If (Japan) falters or slips back into deflation, MetLife might face challenges growing revenue, Troy said in an e-mail late Sunday, before the deal was announced.


The deal comes after AIG agreed to sell its Asian life unit, American International Assurance (AIA), to Britain's Prudential for $35.5 billion, the largest insurance sector deal ever.

The AIA and Alico deals will allow AIG to repay the U.S. government about $31.5 billion in cash, with more expected as the insurer sells Prudential and MetLife securities over time.

AIG will use the $6.8 billion in cash from the Alico deal to redeem part of the Federal Reserve Bank of New York's $9 billion preferred interest in a vehicle that holds the unit.

The proceeds from the two deals should help AIG pay down all of its Fed debt, but it will still leave the government holding roughly $47 billion in equity investments, including the amount drawn under a $30 billion equity line. The government will still have a nearly 80 percent stake in AIG.

To untangle itself from AIG, the government is likely to follow a strategy similar to what it has used with Citigroup Inc in a process that will probably take years.

The sale of Alico comes after months of negotiations and became possible after the New York Fed, advised by Morgan Stanley , agreed in March 2009 to swap its debt into equity in special purpose vehicles that AIG created to hold AIA and Alico.

Early last year, MetLife offered about $11 billion for the unit, but the price went up in the months after March 2009.


The equity portion of the price consists of 78.2 million shares of MetLife common stock valued at $3 billion, 6.9 million shares of contingent convertible preferred stock valued at $2.7 billion, and 40 million equity units with an aggregate stated value of $3 billion.

The common stock and equivalents would give AIG a 14 percent ownership in MetLife, MetLife Chief Financial Officer William Wheeler said.

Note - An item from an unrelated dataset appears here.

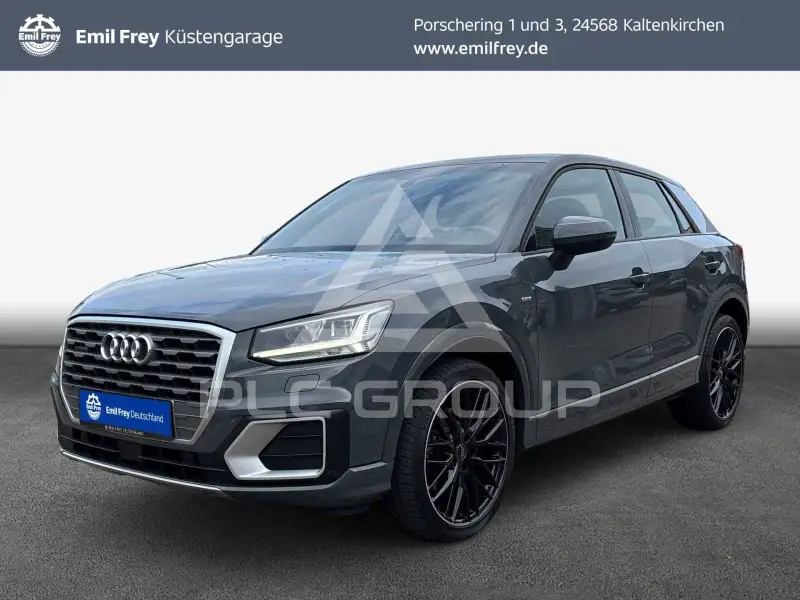 2019 Audi Q2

The equity units are set to convert into common shares roughly three years after closing, Wheeler said. Taking those into account, AIG's ownership in MetLife would go above 20 percent, sources familiar with the matter said on Sunday.

But Wheeler said he expected AIG to start selling the shares as soon as it could under a lock-up agreement.

I am not sure how much shares they will own at any one time, but I suspect it won't get close to 20 percent, Wheeler said.

AIG must vote its shares in proportion to the way the rest of MetLife's outstanding shareholders do, Wheeler said.

MetLife expects to finance the cash portion of the deal with issuances of $3.1 billion in senior debt and $2 billion of common stock, as well as $1.75 billion in cash on hand.

Both boards have approved the transaction, which the companies expect to close by the end of 2010.

Credit Suisse was lead adviser to MetLife, which was also advised by Barclays Capital , Bank of America Merrill Lynch , Deutsche Bank and HSBC .

AIG is being advised by Citigroup, Goldman Sachs and Blackstone Group , according to several sources.

AIG shares were up 5.3 percent to $29.58, while MetLife was up 5.1 percent to $40.90, both during morning trading on the New York Stock Exchange.